Directions for this task:
Would you transcribe the records below exactly, omitting every picture?

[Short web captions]
>>>>

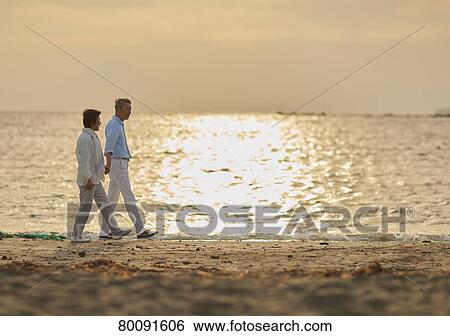Japanese senior couple having fun by the sea View Large Photo Image Stock Photograph - Japanese senior couple having fun by the sea. Fotosearch
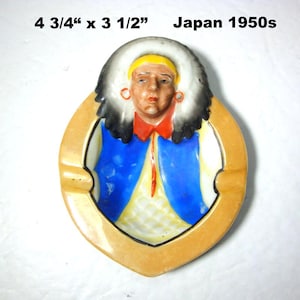 May include: Vintage ashtray from Japan, circa 1950s, measuring 4 3/4" x 3 1/2". The ashtray features a Native American figure with a feathered headdress, red shirt, and blue vest. The ashtray has a tan border.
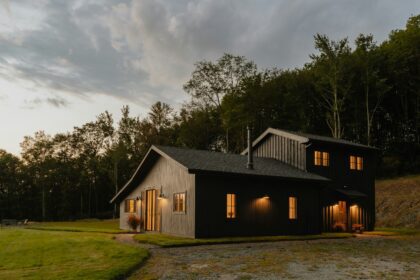 A large black house sitting on top of a green field. The house is surrounded by land and lots of trees behind it. There are clouds in the sky and the lights glow orange. Buying Your First Rural Property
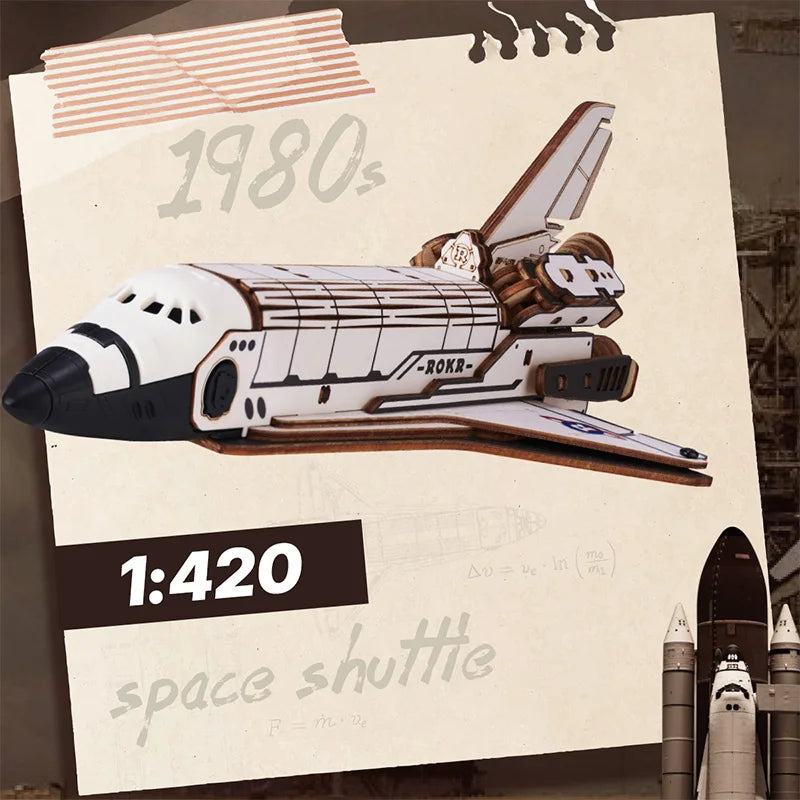 A detailed wooden model kit of a space shuttle, featuring a launch simulator setup.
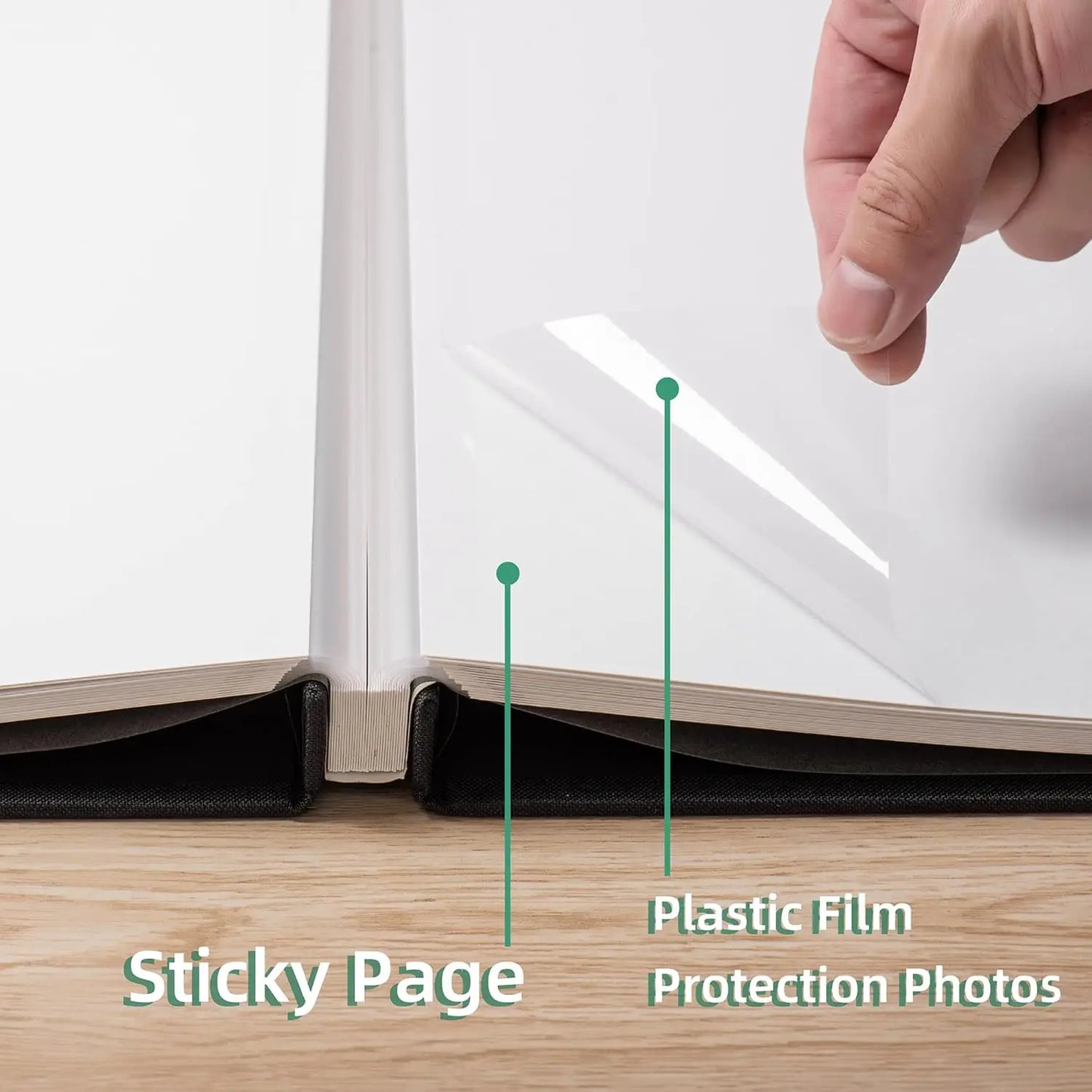 Hand lifting clear plastic film from a sticky white photo album page with a black linen cover.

<<<<

Response area:
Japanese senior couple having fun by the sea View Large Photo Image Stock Photograph - Japanese senior couple having fun by the sea. Fotosearch
 May include: Vintage ashtray from Japan, circa 1950s, measuring 4 3/4" x 3 1/2". The ashtray features a Native American figure with a feathered headdress, red shirt, and blue vest. The ashtray has a tan border.
 A large black house sitting on top of a green field. The house is surrounded by land and lots of trees behind it. There are clouds in the sky and the lights glow orange. Buying Your First Rural Property
 A detailed wooden model kit of a space shuttle, featuring a launch simulator setup.
 Hand lifting clear plastic film from a sticky white photo album page with a black linen cover.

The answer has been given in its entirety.